Exercise data: Begin

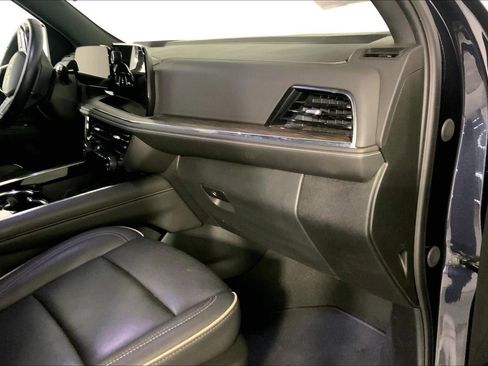 Used 2025 Chevrolet Tahoe Premier AWD/4WD image 17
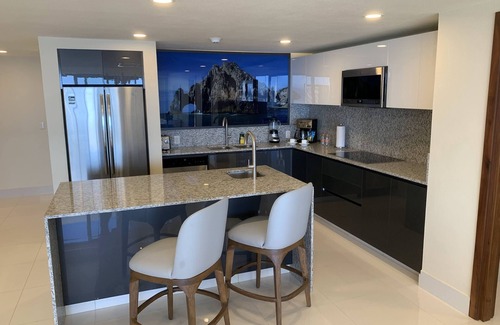 San Jose del Cabo Resort | Experience an Unforgettable Christmas in a Luxury 3 BR Oceanfront Penthousen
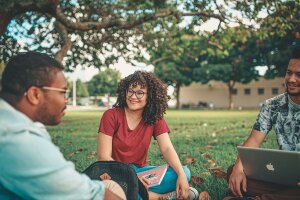Studentsoutside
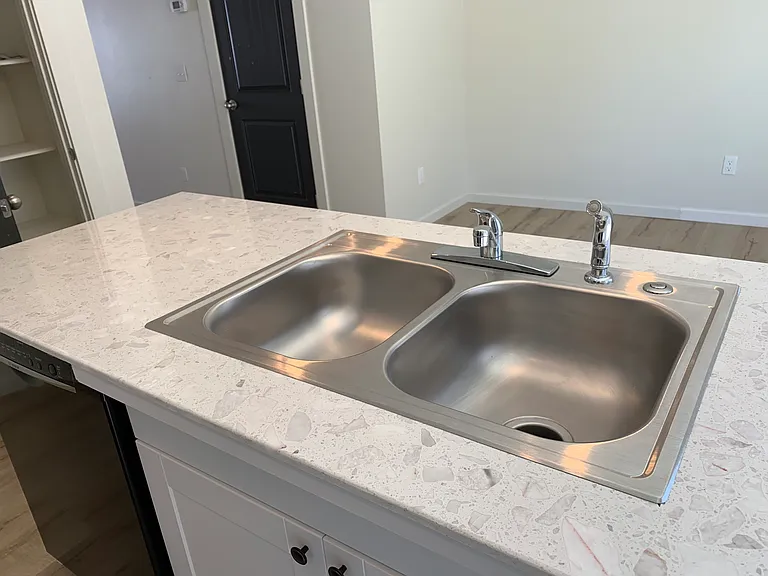 1220 S Ivy St #103 — Photo 7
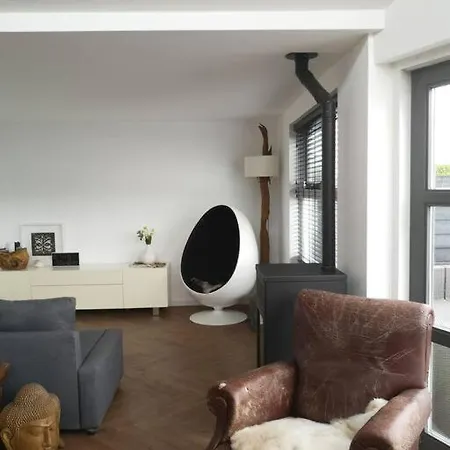 Holiday home Braas&meer Lodge, Fantastisch Uitzicht Over Het Meer, Luxe Lodge! *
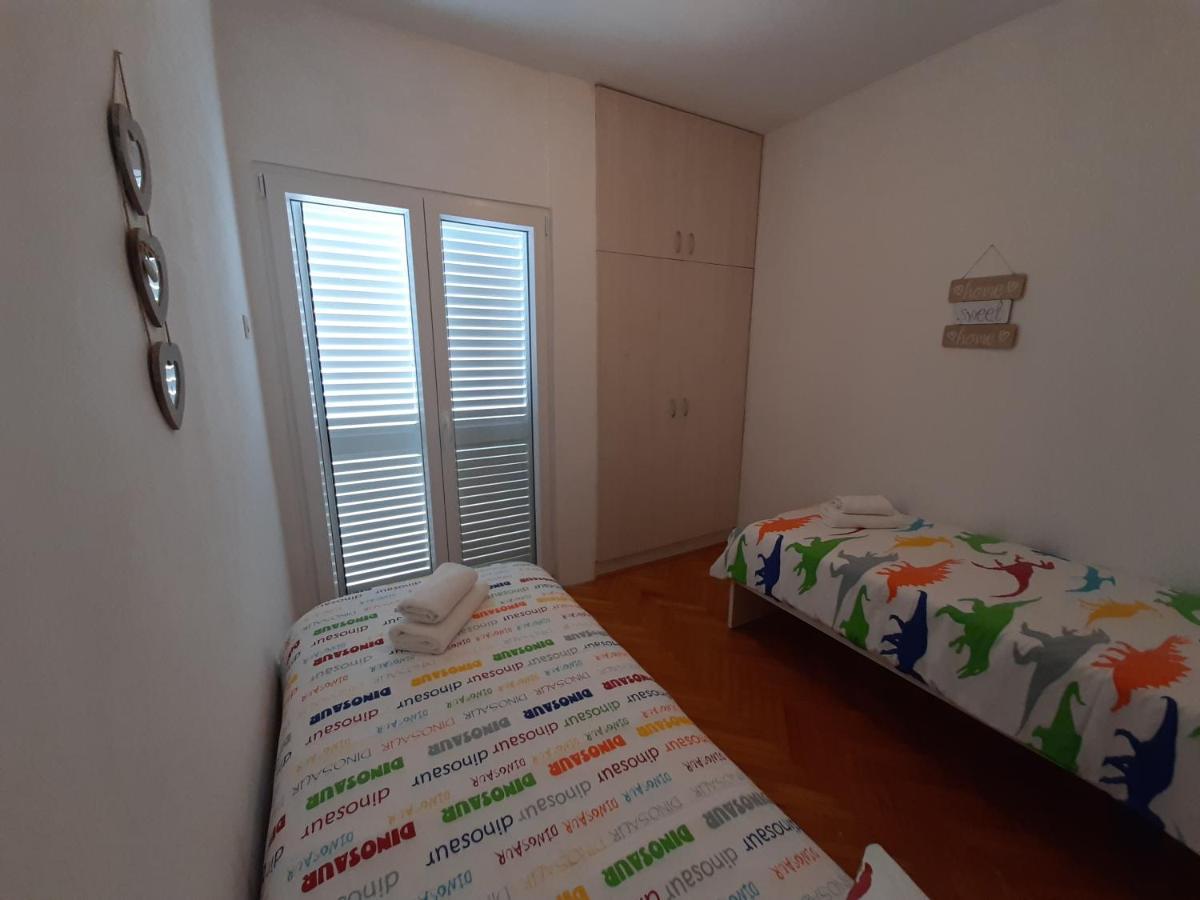 Family House Rebeka Apartment อูกล์ยัน ภายนอก รูปภาพ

Exercise data: End

Problem to solve
Each line of the data above should be reproduced without alteration, and no picture should appear in the copy.

Finished task
 Used 2025 Chevrolet Tahoe Premier AWD/4WD image 17
 San Jose del Cabo Resort | Experience an Unforgettable Christmas in a Luxury 3 BR Oceanfront Penthousen
Studentsoutside
 1220 S Ivy St #103 — Photo 7
 Holiday home Braas&meer Lodge, Fantastisch Uitzicht Over Het Meer, Luxe Lodge! *
 Family House Rebeka Apartment อูกล์ยัน ภายนอก รูปภาพ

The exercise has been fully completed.